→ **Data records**
_ _ _ _ _
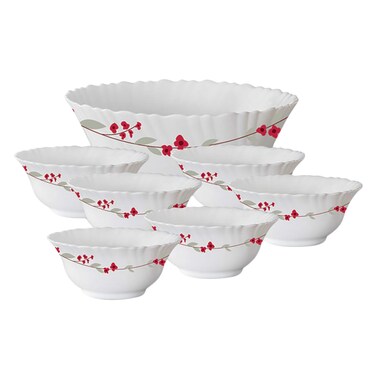 بريتيش شيف طقم تقديم بودينج 7 قطع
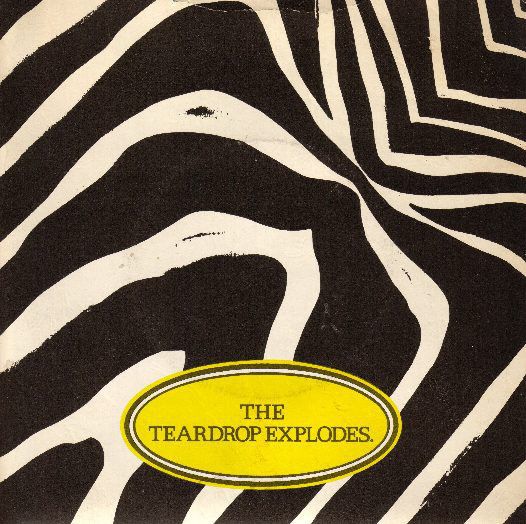 Album cover art for "Reward" by The Teardrop Explodes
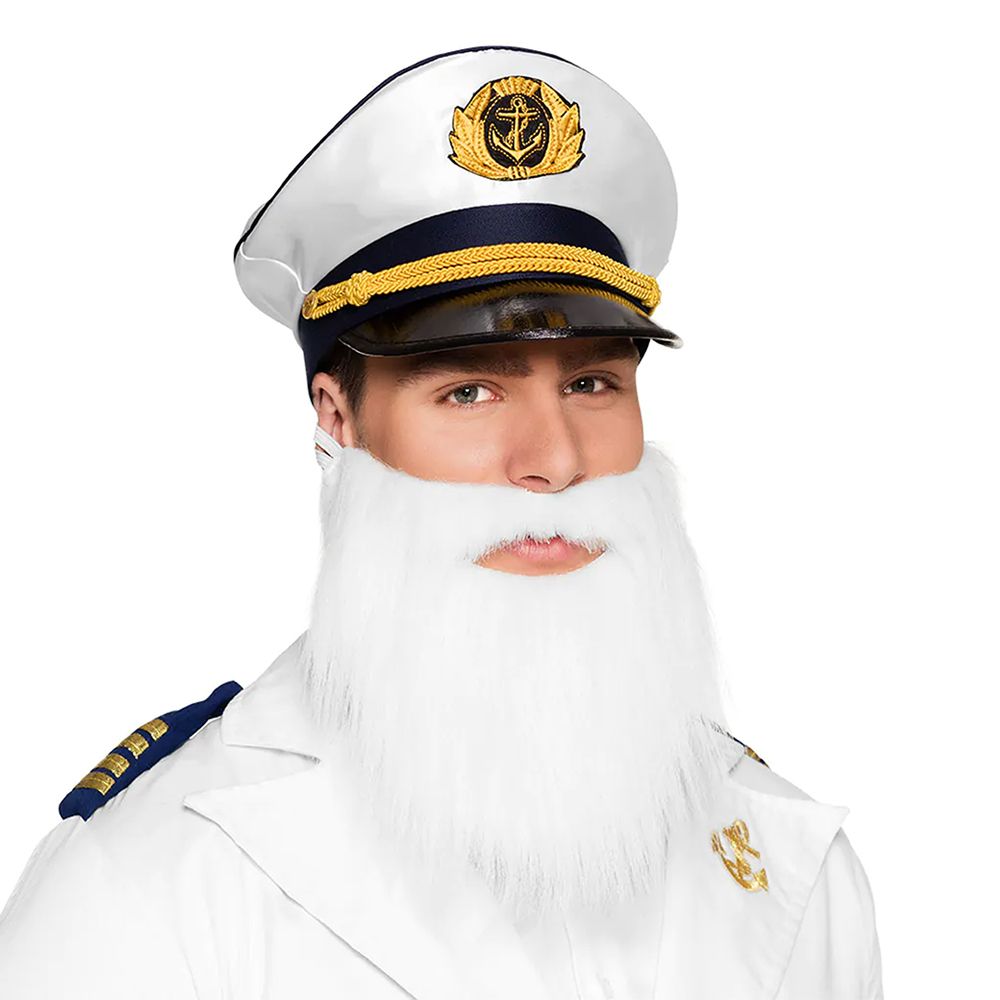 Kapteeninparta Valkoinen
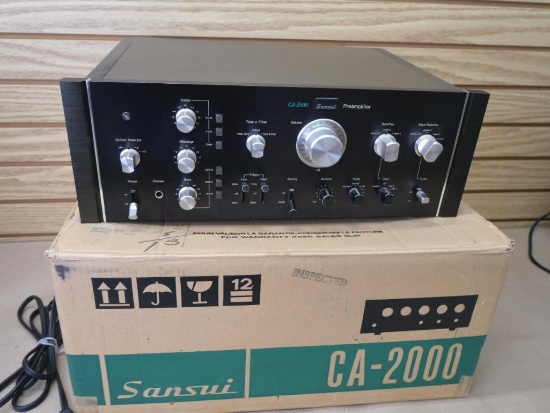 Sansui CA-2000 Preamplifier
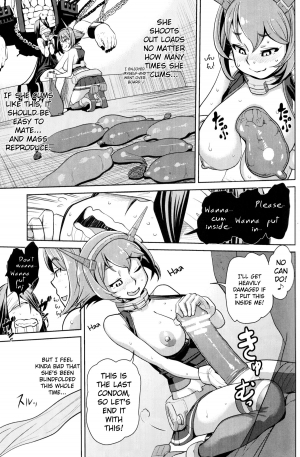  (C85) [dam labo (dam)] Bitch na Mutsu-chan no Saishu Ninmu | Slutty Mutsu-chan's Gathering Mission (Kantai Collection -KanColle-) [English] [YQII]  - Page 13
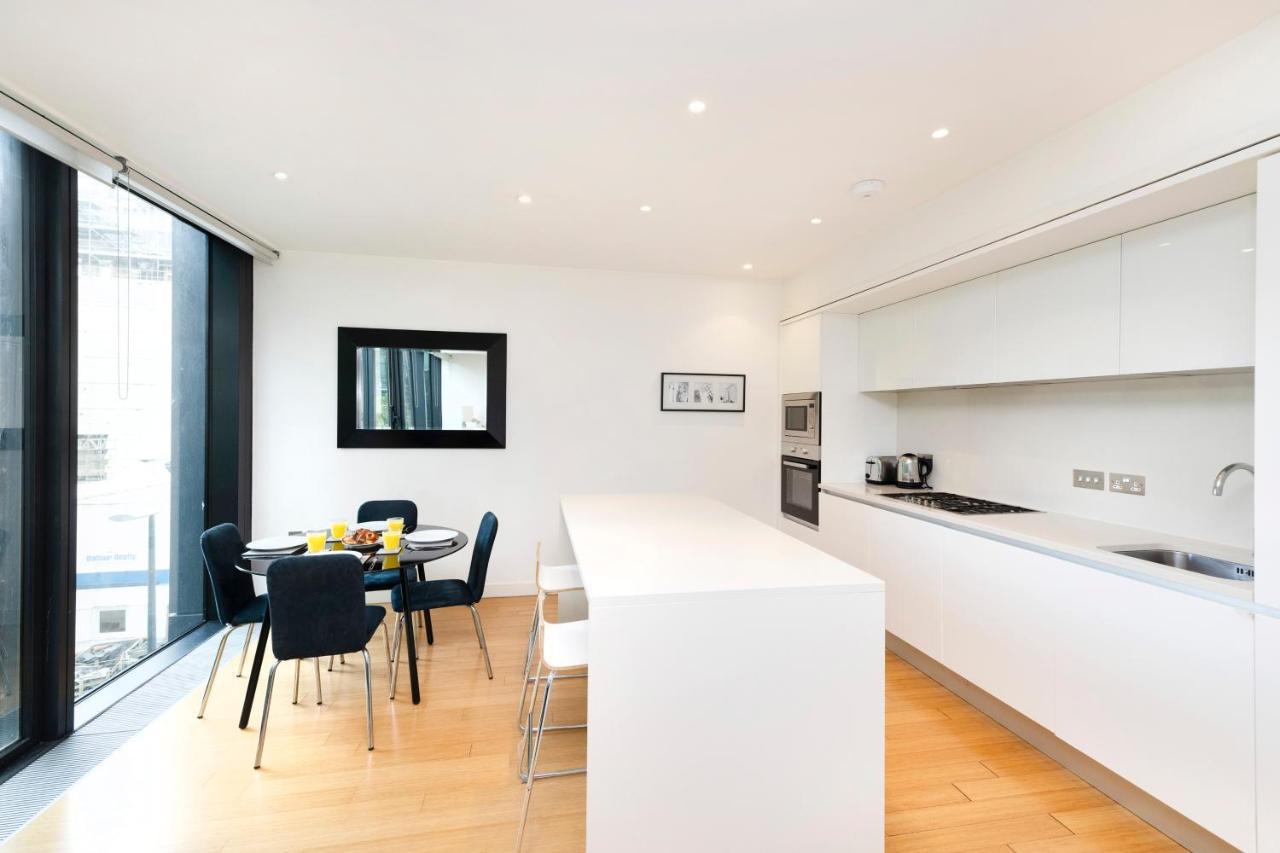 Апартаменти Altido Elegant Flat Near The Meadows With Parking Единбург Екстер'єр фото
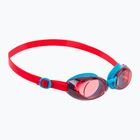 Occhialini da nuoto Speedo Jet 2.0 per bambini turchese / rosso lava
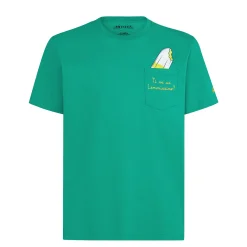 Baumwoll-T-Shirt mit Ti va un Lemonissimo? Stickerei | ALGIDA® SONDEREDITION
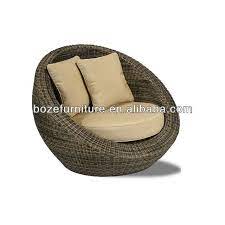 Woven rattan pieces are made of full skin rattan peels which are woven over sturdy tropical hardwood frames. Source Garden Wicker Round Love Seat Oval Rattan Chair On M Alibaba Com Love Seat Rattan Chair Wicker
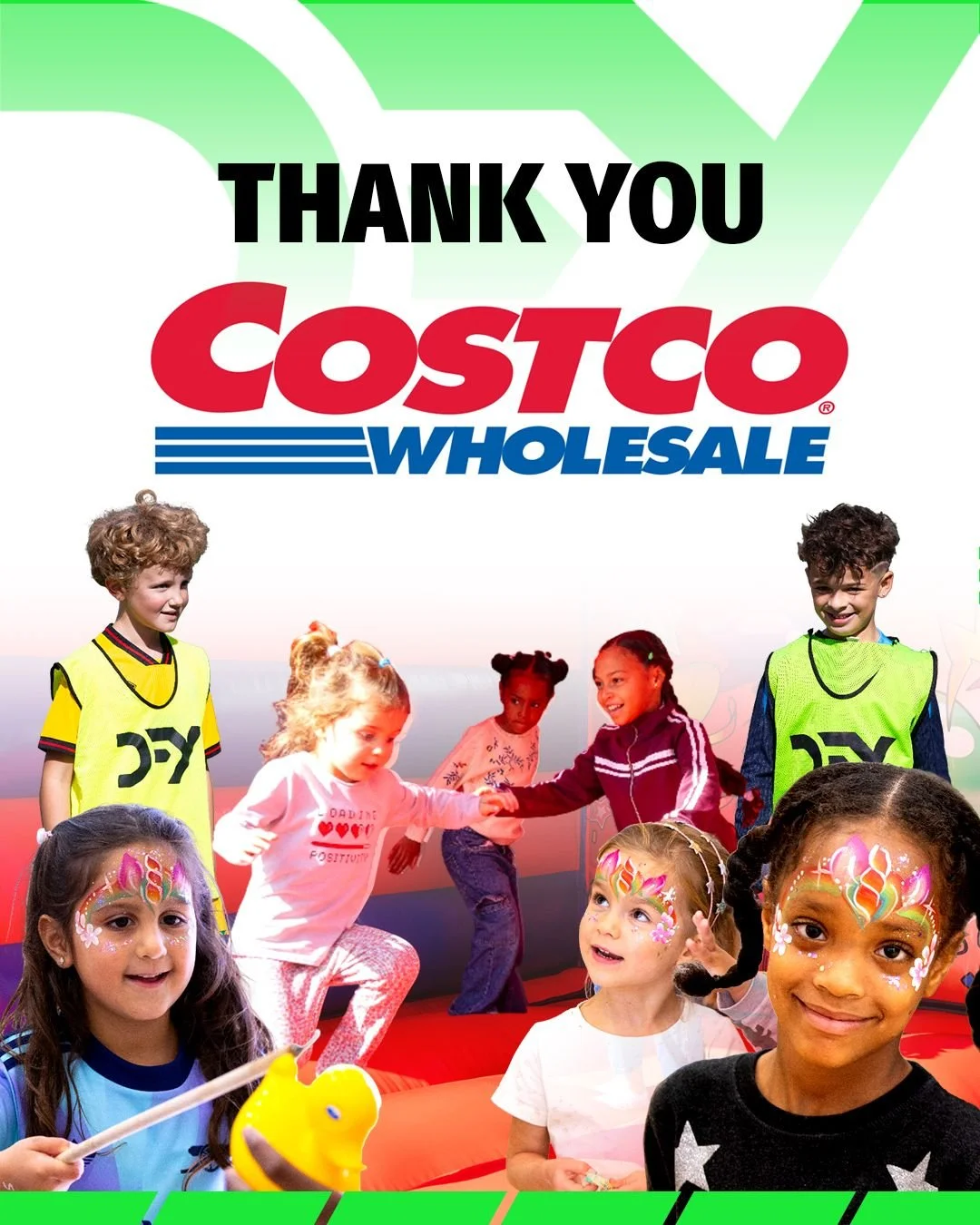 Thank you to Costco Wembley for backing DFY&rsquo;s work with children and young people 💙

Their support helped us build real momentum. Our new DFY Basketball Academy is up and running 🏀 and our mentorship pilot has officially launched in schools ?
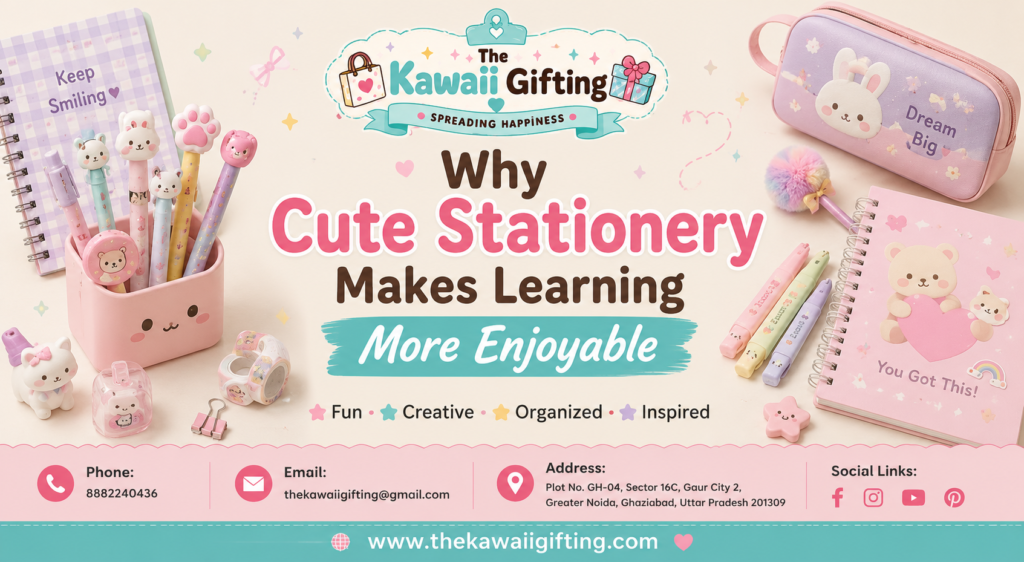 cute stationery| gift items | stationery items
_ _ _ _ _
Up to and including the line with "Baumwoll-T-Shirt mit Ti", repeat every line from the top of the entries exactly, but not the pictures.

→ **ANSWER SPACE**
 بريتيش شيف طقم تقديم بودينج 7 قطع
 Album cover art for "Reward" by The Teardrop Explodes
 Kapteeninparta Valkoinen
 Sansui CA-2000 Preamplifier
  (C85) [dam labo (dam)] Bitch na Mutsu-chan no Saishu Ninmu | Slutty Mutsu-chan's Gathering Mission (Kantai Collection -KanColle-) [English] [YQII]  - Page 13
 Апартаменти Altido Elegant Flat Near The Meadows With Parking Единбург Екстер'єр фото
 Occhialini da nuoto Speedo Jet 2.0 per bambini turchese / rosso lava
 Baumwoll-T-Shirt mit Ti va un Lemonissimo? Stickerei | ALGIDA® SONDEREDITION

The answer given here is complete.